UPDATED — The new vice president of sales and marketing for the Hotel at Old Town and the Hotel at WaterWalk is a familiar face in the Wichita hotel world.

Michael Frimel, who was the former general manager of the Ambassador Hotel, has the newly created job.

“He reports directly to me,” says hotelier Jack DeBoer.

Former Hotel at Old Town general manager Sheila Cole and former director of sales Amy Grossman now hold the same positions at the 6-month old Ambassador. DeBoer is suing them for alleged breach of fiduciary duty, the destruction of evidence and the misappropriation of trade secrets, among other things.

DeBoer says Frimel’s hiring has nothing to do with Cole and Grossman or where they went.

“It has absolutely no connection,” he says. “I met him after all that confusion.”

He says Frimel wanted to stay in Wichita and contacted him about a job. DeBoer says he’d already hired Jennifer Finlay as general manager for the Hotel at Old Town.
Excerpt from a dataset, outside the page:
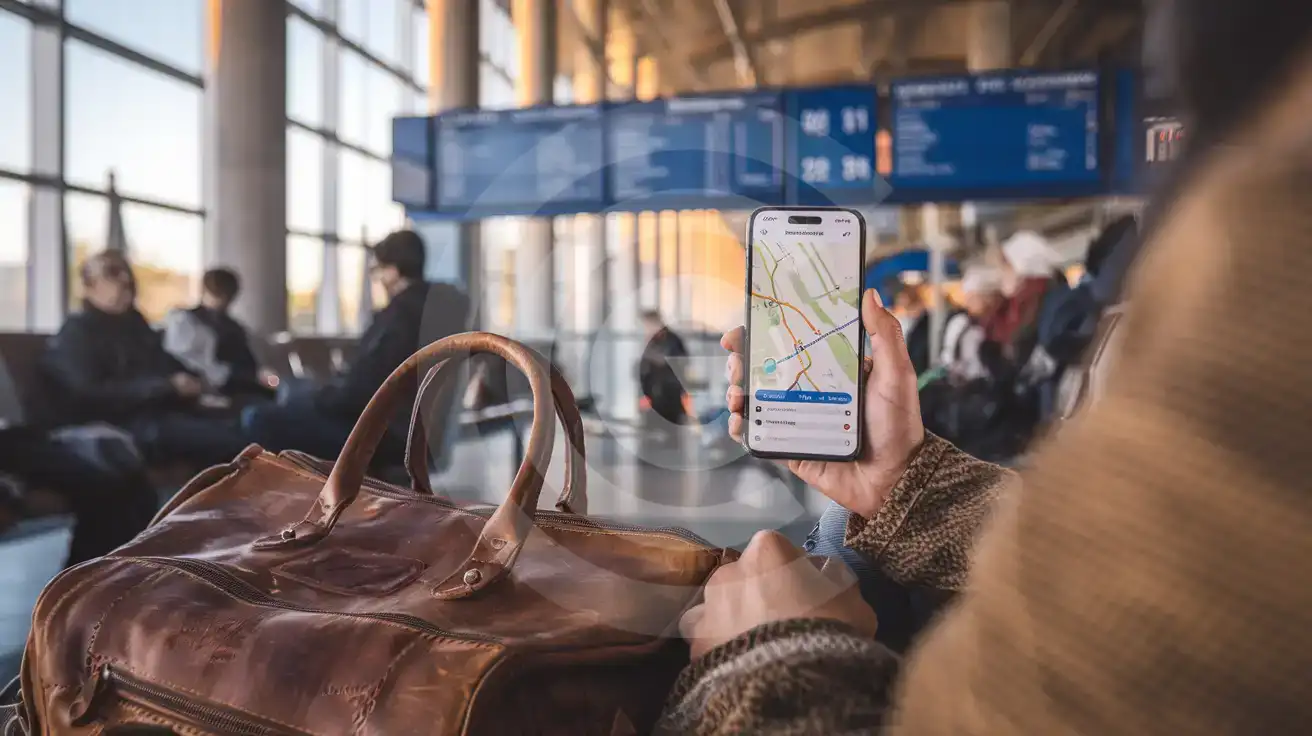 Călător consultând harta pe telefon în zona de așteptare a unei autogări din România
He says she’s worked for the hotel for a decade.

“That was easy,” DeBoer says of hiring her. “She’s terrific.”

Frimel says he didn’t immediately call DeBoer after resigning from the Ambassador at the end of May because he considered getting out of the hotel business.

“This allowed me to, number one, keep my family here,” says Frimel, who has a son going into high school.

He says this position will allow him to focus more on sales and marketing, which he says is something he loves.

“I will talk to anybody about anything,” he says.

Frimel hasn’t discussed his departure from the Ambassador publicly yet, but he says there’s no story beyond his choice to do something else with a new company.

“There’s really not,” he says. “It was definitely my decision.”

DeBoer says he’s still looking for a few more sales people.

“We’re just beefing up.”

Although the lawsuit is yet to be resolved, DeBoer says he doesn’t want his staff at the Hotel at Old Town or at the Hotel at WaterWalk dwelling on what happened with the hotel departures.

“It’s forbidden at both hotels to talk about that whole issue,” he says. “It’s over. It’s done with. … Our job is to get on with it.”